I have a large set of temperature data from upstream and downstream gauges. I am trying to find the influence of dam release on downstream temperatures. To do this, I am comparing correlation between the tailwater gauge (placed right below the dam) against various downstream sites. Here is my dataset.
> dput(head(TravelTimeAdjustedSaltData))
structure(list(Date = structure(c(1709942400, 1709943300, 1709944200,
1709945100, 1709946000, 1709946900), class = c("POSIXct", "POSIXt"

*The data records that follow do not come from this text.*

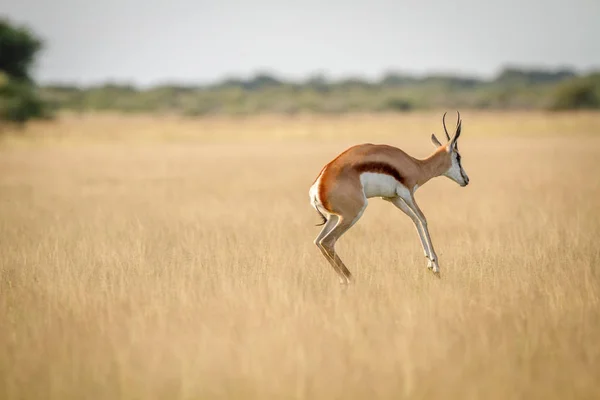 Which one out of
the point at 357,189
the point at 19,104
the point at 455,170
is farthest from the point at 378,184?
the point at 19,104

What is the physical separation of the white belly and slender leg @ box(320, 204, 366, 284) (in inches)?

), tzone = "UTC"), S1 = c(12.824443359375, 12.824443359375, 12.824443359375,
12.824443359375, 12.824443359375, 12.78154296875), S2 = c(12.86734375,
12.86734375, 12.86734375, 12.910244140625, 12.86734375, 12.824443359375
), S3 = c(12.223837890625, 12.223837890625, 12.26673828125, 12.26673828125,
12.223837890625, 12.26673828125), S4 = c(NA, NA, NA, NA, 7.8908984375,
7.847998046875), S5 = c(NA_real_, NA_real_, NA_real_, NA_real_,
NA_real_, NA_real_), S6 = c(NA_real_, NA_real_, NA_real_, NA_real_,
NA_real_, NA_real_), S7 = c(NA_real_, NA_real_, NA_real_, NA_real_,
NA_real_, NA_real_), S8 = c(12.309638671875, 12.309638671875,
12.26673828125, 12.3525390625, 12.3525390625, 12.309638671875
), S9 = c(NA_real_, NA_real_, NA_real_, NA_real_, NA_real_, NA_real_
), S10 = c(NA_real_, NA_real_, NA_real_, NA_real_, NA_real_,
NA_real_), S11 = c(NA_real_, NA_real_, NA_real_, NA_real_, NA_real_,
NA_real_), GaugeTemp = c(8.2, 8.2, 8.2, 8.2, 8.2, 8.2), GaugeHeight = c(70.83,
70.84, 70.84, 70.85, 70.83, 70.83)), row.names = c(NA, 6L), class = c("tbl_df",
"tbl", "data.frame"))
The data is adjusted for the waters travel time downstream and that is why there are NAs on the first few rows in some columns. Anyways, I ran Spearman correlations, but found a pattern that was not expected and therefore, think that the correlation is not indeed testing what I am actually wanting to find out. What I found is that sites further downstream (S10 / S11) actually had higher or around the same correlation with the Tailwater Gauge as the first site downstream (S4). I have included both the S4 (closest site downstream from tailwater) and S11 (furthest from tailwater) to show what I am saying. This should not be the case as the influence of the dam releases on downstream temperature should decrease over distance. This leads me to believe that the correlation test is not the answer to my question.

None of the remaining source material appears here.